Sieben Jahre Raketenfeuer auf städtische Zentren kann kein Land tolerieren. Der Islamische Dschihad behauptet, seine Angriffe seien die Antwort auf Israels gezielte Tötung von vier gesuchten Mördern in Bethlehem. Beendet die gezielten Schläge und wir beenden das Raketenfeuer, sagt der Dschihad. Doch diese Art von Gleichung kann und sollte nicht von Israel akzeptiert werden, selbst wenn sie auf irgendeiner Art von Abkommen basiert. Ein Handel, der Israel davon abhält, den Terror zu bekämpfen, jedoch das Schießen von Raketen auf unsere Städte erlaubt, steht nicht zur Debatte.

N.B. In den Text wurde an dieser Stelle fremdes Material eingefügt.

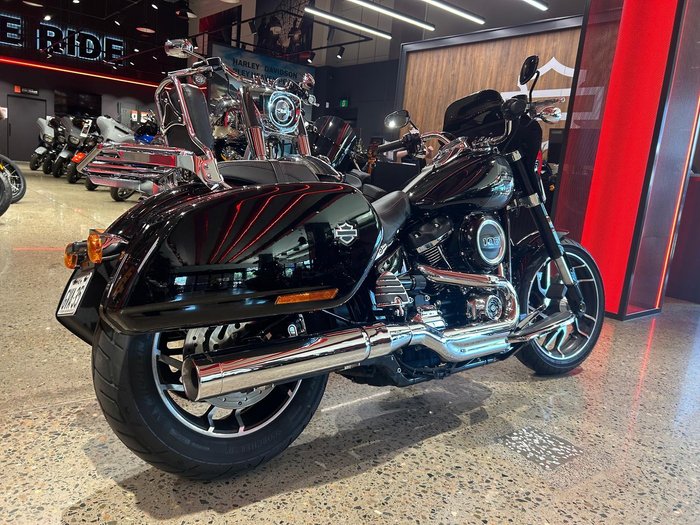 2022 Harley-Davidson Sport Glide 107 (FLSB) Softail Black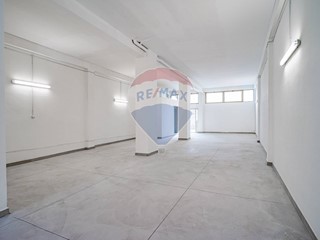 Laboratorio in Vendita a Misterbianco, 103'000€, 171 m²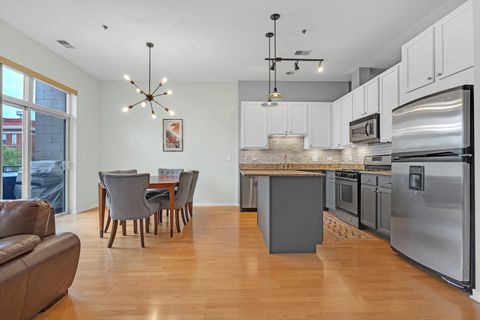 Tiny photo for 2915 N Clybourn Avenue #310, Chicago, IL 60618 (MLS # 12490808)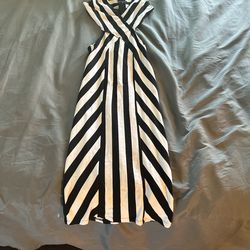 Cute white and black strip dtrdd halter stlye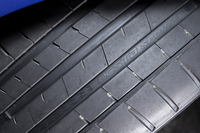 溝の底にはチェッカードフラッグのパターンとともに「ECSTA SPORT S」のロゴがあしらわれる。性能の強化だけでなく遊び心も忘れない。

Eine Regierung ist vor allem ihren Bürgern verpflichtet. Noble Ansichten mögen schön und gut sein, jedoch nicht, wenn Blut vergossen wird. Eine Verbindung zwischen dem zu schaffen, was im Gazastreifen vor sich geht und dem, was in Judäa und Samaria geschieht, wird nur Angriffe aus dem Westjordanland auf israelisches Kernland provozieren.

Ehud Barak spricht nicht über die Notwendigkeit der „Entscheidung“ im Gazastreifen, um die populistische Rhetorik von Benjamin Netanyahu zu benutzen. Alles, was er möchte, ist ein Ende des Raketenfeuers. Er ist nicht begeistert von einer „Großoffensive im Gazastreifen“. Doch wenn eine Bodenoffensive erforderlich ist, wird unser Kriegsminister nicht vor dem zurückschrecken, was getan werden muss. Und so ist er im Krieg wie im Krieg der Kriegsminister.